Stored items

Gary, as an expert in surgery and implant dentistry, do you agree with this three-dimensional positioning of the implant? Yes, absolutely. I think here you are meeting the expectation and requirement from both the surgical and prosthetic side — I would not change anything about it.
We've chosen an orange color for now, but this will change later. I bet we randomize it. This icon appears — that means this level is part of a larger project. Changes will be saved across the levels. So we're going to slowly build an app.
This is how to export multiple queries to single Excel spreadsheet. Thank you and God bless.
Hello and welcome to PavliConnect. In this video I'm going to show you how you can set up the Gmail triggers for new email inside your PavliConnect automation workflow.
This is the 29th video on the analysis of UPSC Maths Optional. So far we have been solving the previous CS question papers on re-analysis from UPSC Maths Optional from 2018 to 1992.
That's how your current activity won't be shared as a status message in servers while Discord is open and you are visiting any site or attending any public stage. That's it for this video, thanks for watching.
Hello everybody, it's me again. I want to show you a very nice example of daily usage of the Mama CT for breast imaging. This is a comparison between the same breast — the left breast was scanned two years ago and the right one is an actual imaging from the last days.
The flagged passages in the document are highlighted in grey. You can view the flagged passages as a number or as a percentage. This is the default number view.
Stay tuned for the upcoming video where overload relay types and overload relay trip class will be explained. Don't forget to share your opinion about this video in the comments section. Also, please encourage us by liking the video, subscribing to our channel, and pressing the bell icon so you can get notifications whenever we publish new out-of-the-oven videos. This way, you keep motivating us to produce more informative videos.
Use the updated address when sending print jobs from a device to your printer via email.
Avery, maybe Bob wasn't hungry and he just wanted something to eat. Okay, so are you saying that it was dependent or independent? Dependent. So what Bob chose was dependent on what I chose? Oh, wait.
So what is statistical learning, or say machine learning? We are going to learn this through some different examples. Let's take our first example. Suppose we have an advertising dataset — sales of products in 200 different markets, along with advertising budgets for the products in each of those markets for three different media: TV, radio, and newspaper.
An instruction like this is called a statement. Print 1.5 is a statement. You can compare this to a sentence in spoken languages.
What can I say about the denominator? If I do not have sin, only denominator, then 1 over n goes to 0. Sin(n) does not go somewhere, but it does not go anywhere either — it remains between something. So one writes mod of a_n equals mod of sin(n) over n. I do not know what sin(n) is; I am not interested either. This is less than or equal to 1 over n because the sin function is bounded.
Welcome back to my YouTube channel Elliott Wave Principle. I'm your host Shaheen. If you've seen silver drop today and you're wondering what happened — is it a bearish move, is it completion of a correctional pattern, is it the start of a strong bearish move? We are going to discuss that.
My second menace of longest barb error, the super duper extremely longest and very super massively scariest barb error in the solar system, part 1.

• EXERCISE INSTRUCTIONS: Transcribe the lines from the first line of the records through the line that contains "The flagged passages in", both included, and add nothing else.

• COMPLETED EXERCISE:
Gary, as an expert in surgery and implant dentistry, do you agree with this three-dimensional positioning of the implant? Yes, absolutely. I think here you are meeting the expectation and requirement from both the surgical and prosthetic side — I would not change anything about it.
We've chosen an orange color for now, but this will change later. I bet we randomize it. This icon appears — that means this level is part of a larger project. Changes will be saved across the levels. So we're going to slowly build an app.
This is how to export multiple queries to single Excel spreadsheet. Thank you and God bless.
Hello and welcome to PavliConnect. In this video I'm going to show you how you can set up the Gmail triggers for new email inside your PavliConnect automation workflow.
This is the 29th video on the analysis of UPSC Maths Optional. So far we have been solving the previous CS question papers on re-analysis from UPSC Maths Optional from 2018 to 1992.
That's how your current activity won't be shared as a status message in servers while Discord is open and you are visiting any site or attending any public stage. That's it for this video, thanks for watching.
Hello everybody, it's me again. I want to show you a very nice example of daily usage of the Mama CT for breast imaging. This is a comparison between the same breast — the left breast was scanned two years ago and the right one is an actual imaging from the last days.
The flagged passages in the document are highlighted in grey. You can view the flagged passages as a number or as a percentage. This is the default number view.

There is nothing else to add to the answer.